§ **Instructions for the task**: Nothing below is to be printed except the lines between the line holding "San Gennaro Feast" and the line holding "8x2x2FT Galvanized Raised", inclusive, each exactly as it appears.

§ **Data records**:
▼▼▼
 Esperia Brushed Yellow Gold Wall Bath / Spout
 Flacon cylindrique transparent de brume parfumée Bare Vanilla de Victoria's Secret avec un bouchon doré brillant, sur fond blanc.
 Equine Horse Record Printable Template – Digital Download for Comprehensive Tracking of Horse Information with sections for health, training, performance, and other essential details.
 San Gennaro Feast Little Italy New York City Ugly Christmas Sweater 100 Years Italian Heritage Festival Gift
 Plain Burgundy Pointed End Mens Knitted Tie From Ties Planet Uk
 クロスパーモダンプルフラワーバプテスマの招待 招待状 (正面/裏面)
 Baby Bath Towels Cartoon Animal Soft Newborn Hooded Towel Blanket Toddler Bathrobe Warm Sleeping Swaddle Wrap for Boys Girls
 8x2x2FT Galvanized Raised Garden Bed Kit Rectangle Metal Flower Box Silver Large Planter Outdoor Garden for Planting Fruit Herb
▲▲▲
▼▼▼
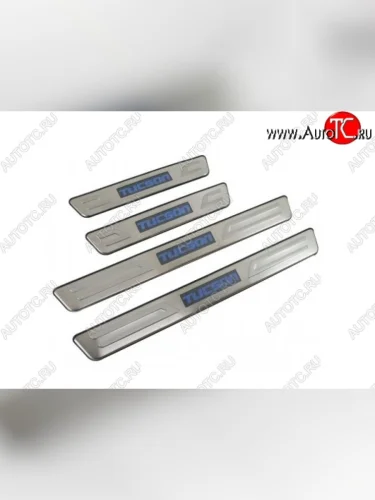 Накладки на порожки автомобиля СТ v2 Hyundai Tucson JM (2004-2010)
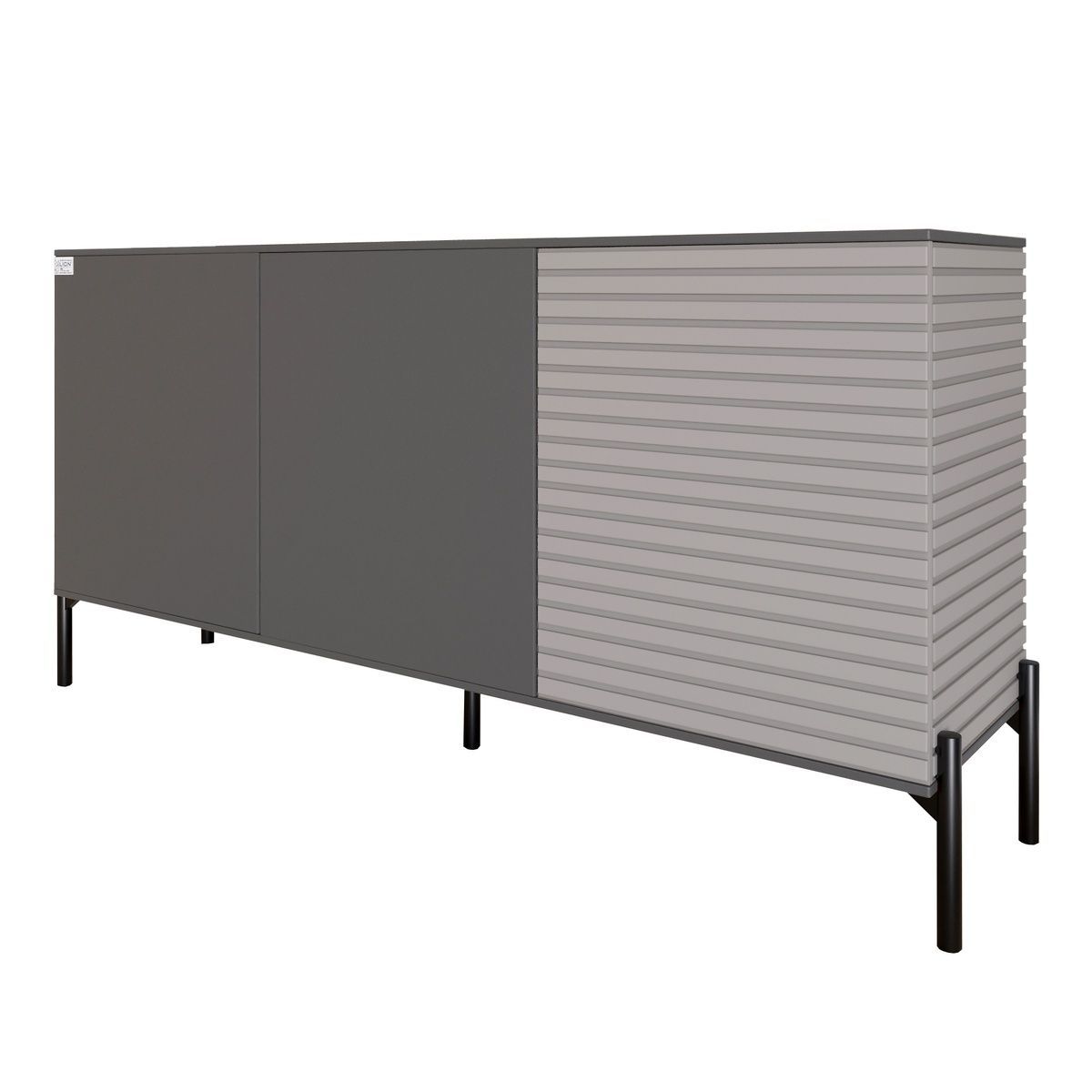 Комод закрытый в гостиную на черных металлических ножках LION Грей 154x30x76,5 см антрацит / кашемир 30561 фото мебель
▲▲▲
§ **Answer to the problem**:
 San Gennaro Feast Little Italy New York City Ugly Christmas Sweater 100 Years Italian Heritage Festival Gift
 Plain Burgundy Pointed End Mens Knitted Tie From Ties Planet Uk
 クロスパーモダンプルフラワーバプテスマの招待 招待状 (正面/裏面)
 Baby Bath Towels Cartoon Animal Soft Newborn Hooded Towel Blanket Toddler Bathrobe Warm Sleeping Swaddle Wrap for Boys Girls
 8x2x2FT Galvanized Raised Garden Bed Kit Rectangle Metal Flower Box Silver Large Planter Outdoor Garden for Planting Fruit Herb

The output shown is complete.